No political judgment, this is simply an assessment of what is perhaps Justice Scalia's greatest legacy: his mastery of the soundbite. In a profession not necessarily known for its brevity or humor (other than jokes making fun of lawyers or stabbing at the legal profession), Justice Scalia was in a league of his own. He knew how to deliver a powerful, accessible quote and in doing so, he spread his viewpoint far, wide and dare I say it, virally. A well-planned social media marketing campaign should be so impactful as a well-penned line from Scalia.

Insight: Scalia wrote in a speaking-style. According to his clerks, during the drafting process, he used to read his written opinions out-loud. Word of mouth only goes so far when the words get tangled on a page.

Designed for impact and omni-channel posting, here are a few Antonin Scalia quotes to get you thinking about how you're crafting your own message and whether you're really making your ideas worth spreading:

  1. A search is a search, even if it happens to disclose nothing but the bottom of a turntable.
  2. Why in the world would you have it interpreted by nine lawyers?
  3. A law can be both economic folly and constitutional.
  4. A journalistic purpose could be someone with a Xerox machine in a basement.
  5. What is a moderate interpretation of the text?
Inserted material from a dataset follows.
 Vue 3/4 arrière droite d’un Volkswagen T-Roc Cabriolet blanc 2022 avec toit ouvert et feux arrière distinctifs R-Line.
Halfway between what it really means and what you'd like it to mean?
  6. Campaign promises are - by long democratic tradition - the least binding form of human commitment.
  7. Interior decorating is a rock-hard science compared to psychology practiced by amateurs.
  8. People look at rights as if they were muscles--the more you exercise them, the better they get.
  9. You could have 50 different states having 50 different regulations... until they were all litigated out.

So, what makes a memorable media quote? Whether you're delivering closing arguments or tweeting your viewpoint, here are some of the elements to consider if you're looking to be quotable, like Scalia:

  • Make your quote brief, clear and ensure your pop culture references are relevant.
  • First-hand account please! Save the friend-of-a-friend insight for the friend.
  • You may have a lot to say, but if you want to be heard, stick to one key idea.
  • Provide a unique insight, analysis or context based on your subject-matter expertise.
  • As Scalia knew, a quote is not wildly quotable without color, passion or emotion.
  • Add humor, it makes a tough decision or awkward outcome more accessible.